A new study finds that smoking is doubling the number of young adults at high risk for severe COVID-19.
Researchers from the University of California, San Francisco (UCSF) examined 8,405 respondents in the National Health Interview Survey, ages 18-25, on serious risk factors for COVID-19 identified by the Centers for Disease Control and Control. Disease Prevention (CDC).
They found that 32 percent of respondents had at least one of the risk factors, but half of them were in the vulnerable group due to a single risk factor: smoking in the past 30 days, aAccording to the peer-reviewed study published Monday in the Journal of Adolescent Health.
When that risk factor was removed, the percentage of medically vulnerable youth dropped to 16 percent.
“Recent evidence indicates that smoking is associated with an increased likelihood of COVID-19 progression, including increased severity of illness, admission to the ICU, or death,” Sally Adams, a professor at the UCSF who led the study. “Smoking can have significant effects in young adults, who generally have low rates for most chronic diseases.”
The study occurs when cases in young adults are largely driving a national peak in COVID-19, which has been attributed to non-compliance with the rules of social distancing.
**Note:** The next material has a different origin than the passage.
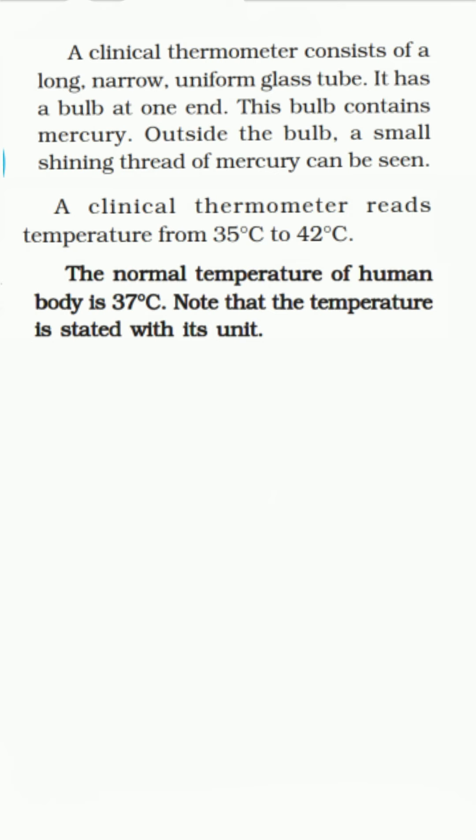Now, we will discuss the next topic — the laboratory thermometer. How do we measure the temperature of other objects? For this purpose, there are other thermometers. One such thermometer is known as a laboratory thermometer. Look at the picture carefully and note the highest and lowest temperature it can measure. The range of a laboratory thermometer is generally from minus 10 degrees Celsius to 110 degrees Celsius.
While people 65 and older continue to be hospitalized and die from the disease at much higher rates than young adults, hospitalization rates for youth also appear to be increasing. According to CDC data, the hospitalization rate for youth ages 18 to 29 tripled from May 2 to July 4, while the rate for those 65 and older only doubled.
The study found that the risk factor that places the second-highest number of youth at risk for severe COVID-19 is asthma, which affected 9 percent of respondents. Approximately 20 percent reported smoking in the past 30 days.
While the CDC includes smoking tobacco or cigarettes in the past 30 days as a risk factor, the researchers also included the use of electronic cigarettes because of their damaging effects on the respiratory system.
The study also found that there are fewer young women in the high-risk group, at 30 percent, compared to 33 percent of young men, largely due to lower smoking rates among women.
Despite racial disparities across the country in overall case and death rates, white youth were more likely than black, Hispanic, and Asian youth to be in the medically vulnerable group, an “unexpected” finding that researchers attributed mainly at the highest rates of smoking among whites.